Investing to Modernize the Production of American Clean Energy and Technology Act of 2014 or the IMPACT Act of 2014 - Amends the Internal Revenue Code, with respect to alternative and renewable energy tax provisions, to: (1) extend through 2023 the placed-in-service dates for the tax credit for producing electricity from wind, biomass, geothermal or solar energy, landfill gas, hydropower, and marine and hydrokinetic renewable energy facilities; (2) extend through 2023 the election of the tax credit for investment in energy property in lieu of the tax credit for producing electricity from renewable resources; (3) authorize an additional allocation of credits under the qualifying advanced energy program; and (4) extend through 2016 the tax credits for energy-efficient new home expenditures and for energy-efficient appliances.

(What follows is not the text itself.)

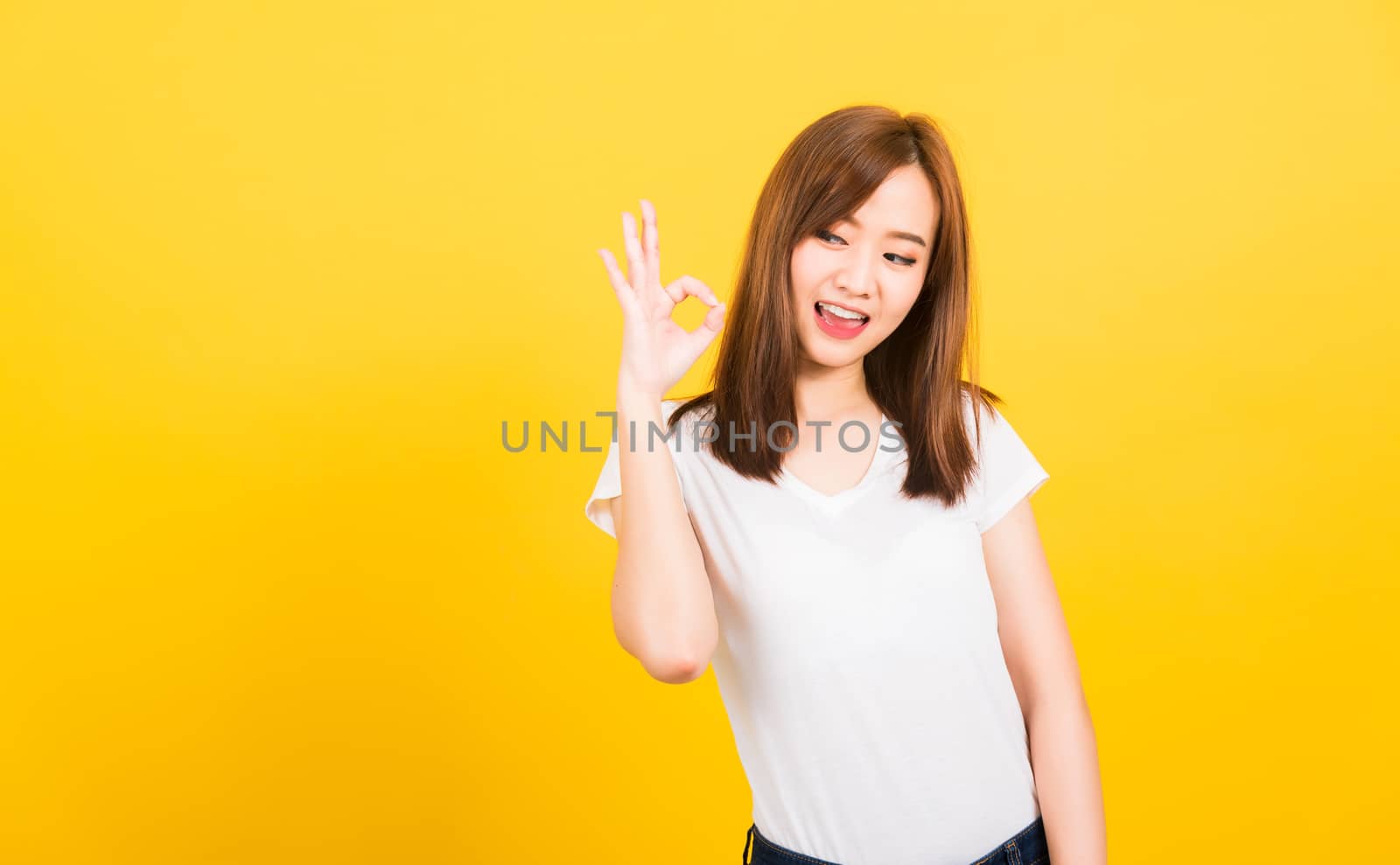 Asian happy portrait beautiful cute young woman teen standing wear t-shirt showing gesturing ok sign with fingers looking to side isolated, studio shot on yellow background with copy space for text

Increases or extends tax credits for qualified plug-in electric drive motor vehicles, heavy natural gas vehicles, and alternative fuel vehicle refueling property. Provides for tax-exempt financing of electric, natural gas, and hydrogen vehicle refueling property.

Repeals or imposes limits on tax preferences for major integrated oil companies (i.e., companies that have an average daily worldwide production of at least 500,000 barrels and annual gross income over $1 billion), including the tax deduction for income attributable to oil, natural gas, or primary products thereof, the tax deduction for intangible drilling and development costs, the percentage depletion allowance for oil and gas wells, the tax deduction for tertiary injectants, and the foreign tax credit for dual capacity taxpayers.

Prohibits the use of the last-in, first-out (LIFO) accounting method by major integrated oil companies.

What's happening now May 28, 2014

Referred to the House Committee on Ways and Means.